DIRECTIONS FOR THIS TASK:
Print only the lines below from the one with "For ages 8 and" to the one with "Hello everyone and", both included, exactly as they stand. Leave pictures out.

INFORMATION SUPPLIED:
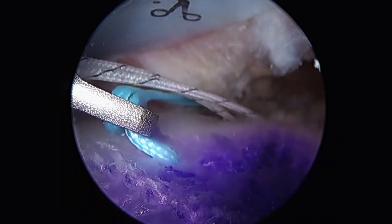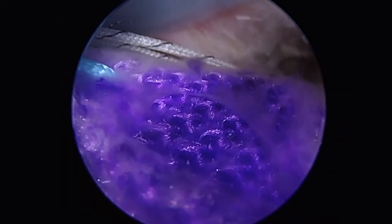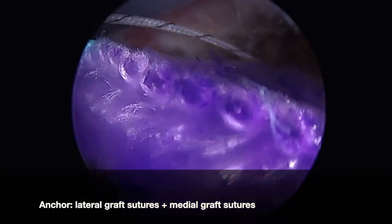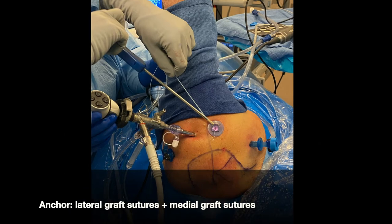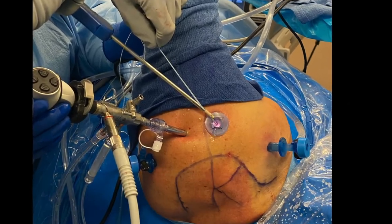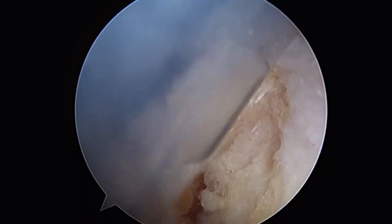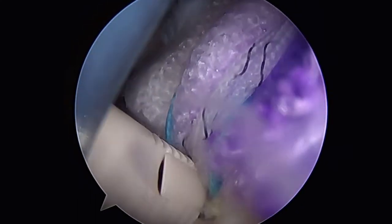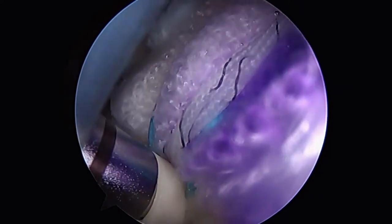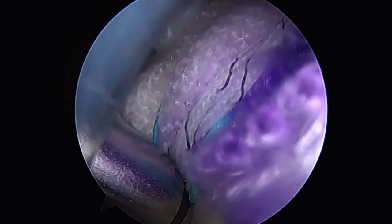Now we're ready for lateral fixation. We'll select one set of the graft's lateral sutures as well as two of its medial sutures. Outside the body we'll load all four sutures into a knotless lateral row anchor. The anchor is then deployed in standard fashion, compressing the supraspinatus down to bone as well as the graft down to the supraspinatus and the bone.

---

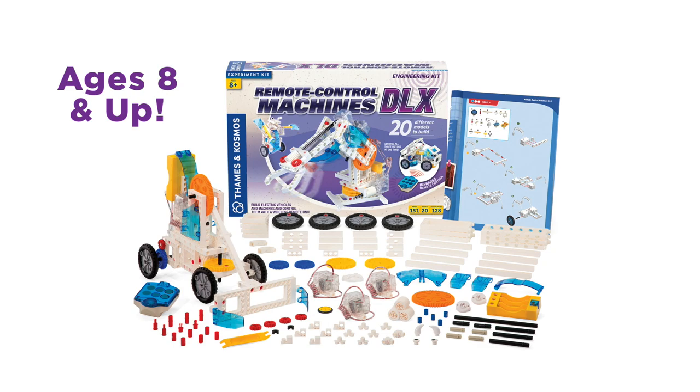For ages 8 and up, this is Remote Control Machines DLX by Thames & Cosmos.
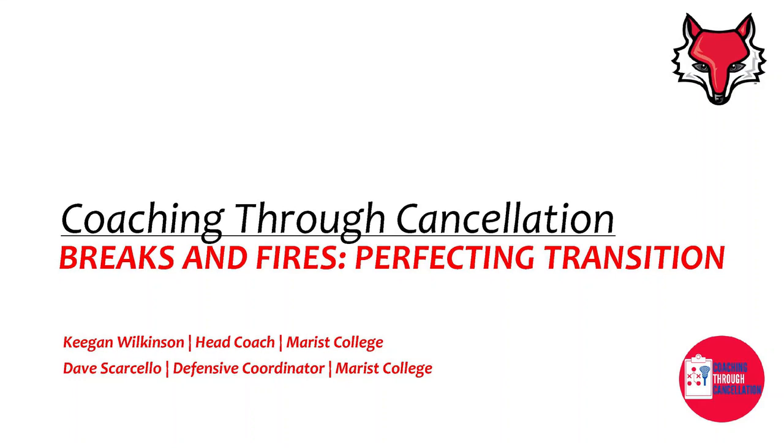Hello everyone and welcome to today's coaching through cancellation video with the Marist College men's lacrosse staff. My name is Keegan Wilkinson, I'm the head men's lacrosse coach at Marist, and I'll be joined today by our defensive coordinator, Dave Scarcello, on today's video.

EXERCISE RESULT:
For ages 8 and up, this is Remote Control Machines DLX by Thames & Cosmos.
Hello everyone and welcome to today's coaching through cancellation video with the Marist College men's lacrosse staff. My name is Keegan Wilkinson, I'm the head men's lacrosse coach at Marist, and I'll be joined today by our defensive coordinator, Dave Scarcello, on today's video.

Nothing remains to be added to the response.